What he wouldn’t give to be able to teleport straight to his bed and forgo the reiteration of his supposed miraculous survival from certain death for the hundredth time around…

His father was unsurprisingly waiting for him just outside the building when a pair of guards guided him through the rusty metal doors, heavy shadows cast under his familiar blue eyes made worse by lack of a proper lightsource but otherwise much the same as the last time he and Will shared their brief goodbyes what felt like eons ago.

The only difference between that day and the current hour was that the man was already dressed down in his much less intimidating civilian attire—honestly a welcomed sight after so much time spent dealing with formality—but it struck him then that there was a very high chance some poor schmuck had to be the one to go and rouse the General from their home once his identity had been confirmed as being that of their newly missing recruit.

Which shouldn’t have made him feel guilty. The news was arguably much better than the first suckerpunch had to have been. But that knowledge didn’t prevent his stomach from cramping up in shame at seeing his father so uncharacteristically thrown together, as if all thoughts of his elevated status flew out the window the moment he’d heard his son’s name.

The two men on either side of his person halted their step when they were still several yards away from the man in question, throwing up a salute that lasted only as long as it took Apollo to close the remainder of the gap to come and join them at the edge of a small clearing.

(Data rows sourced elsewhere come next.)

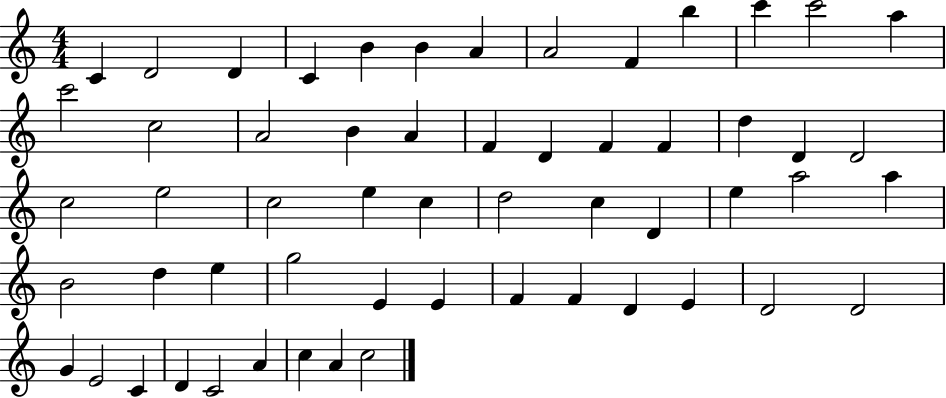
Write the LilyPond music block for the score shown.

{
  \clef treble
  \numericTimeSignature
  \time 4/4
  \key c \major
  c'4 d'2 d'4 | c'4 b'4 b'4 a'4 | a'2 f'4 b''4 | c'''4 c'''2 a''4 | \break c'''2 c''2 | a'2 b'4 a'4 | f'4 d'4 f'4 f'4 | d''4 d'4 d'2 | \break c''2 e''2 | c''2 e''4 c''4 | d''2 c''4 d'4 | e''4 a''2 a''4 | \break b'2 d''4 e''4 | g''2 e'4 e'4 | f'4 f'4 d'4 e'4 | d'2 d'2 | \break g'4 e'2 c'4 | d'4 c'2 a'4 | c''4 a'4 c''2 | \bar "|."
}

“At ease, gentlemen,” he began by way of curt greeting, offering up a stiff nod of recognition of their hard work as if they alone were responsible for his return and not Will himself. “Thank you for escorting my son this far, but I’ll take it from here. You may return to your posts for the evening. May it be less chaotic than it has been.”

“Sir.”

It wasn’t until he caught the telltale sound of footsteps retreating into the distance that Will released his own stiffened posture with a quiet sigh, watching as the General before him slipped back into the role of parent with an awkward twitch of the lips.

“Son.”

”Father.”

Nodding his head toward the low-lit path before them, the two fell into step as Apollo’s tone shifted from light and airy to almost accusatory in nature.

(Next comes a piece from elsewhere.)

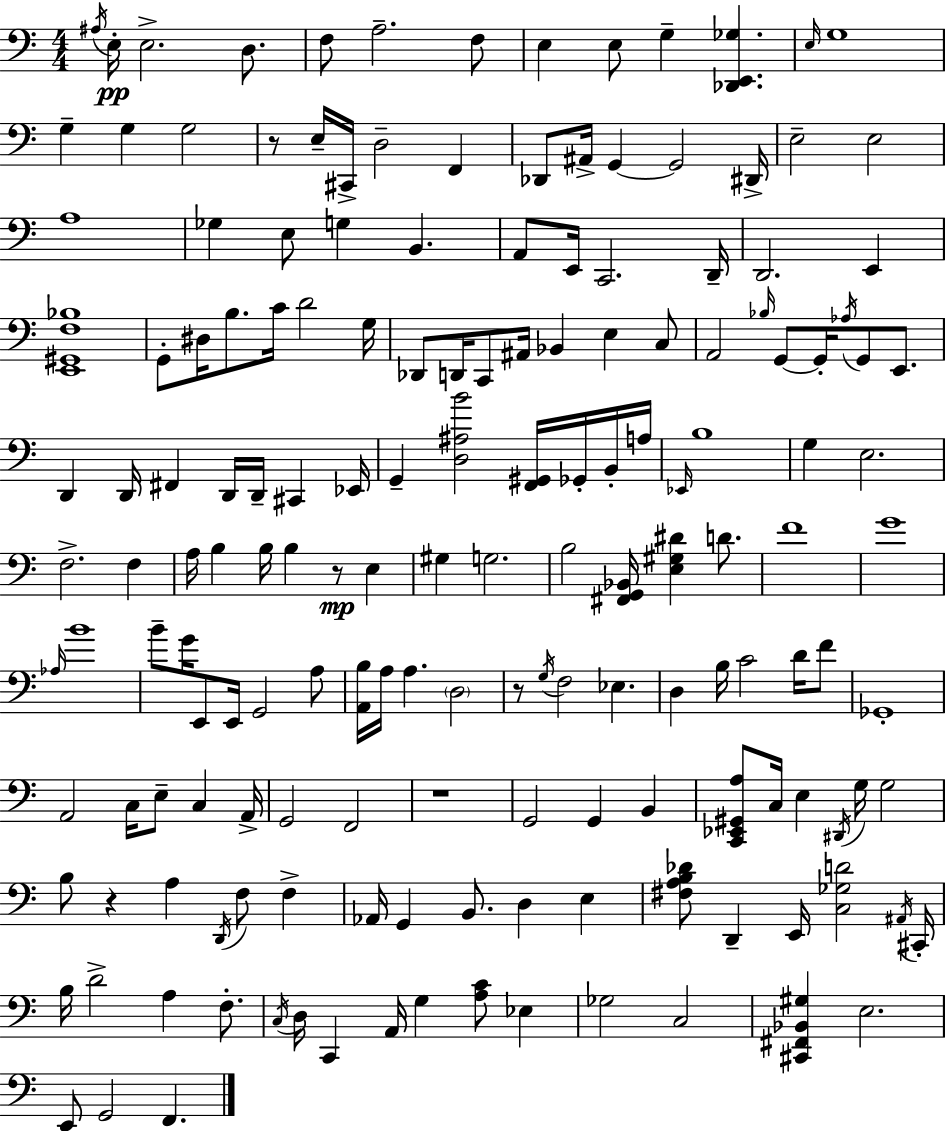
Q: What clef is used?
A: bass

“I’ve already been given a briefing about the miraculousness of your return to us unscathed. I am, however, quite curious to know whether or not our first accounts of your disappearance are to be believed any longer. I would hate to have to revoke some of the status awarded to those who fought so bravely should it come to light that the tale they spun was less true than we thought.”

“That won’t be necessary,” Will promised, ducking his head a bit in embarrassment already knowing the situation was even half as bad as it had most likely been recounted to their leaders.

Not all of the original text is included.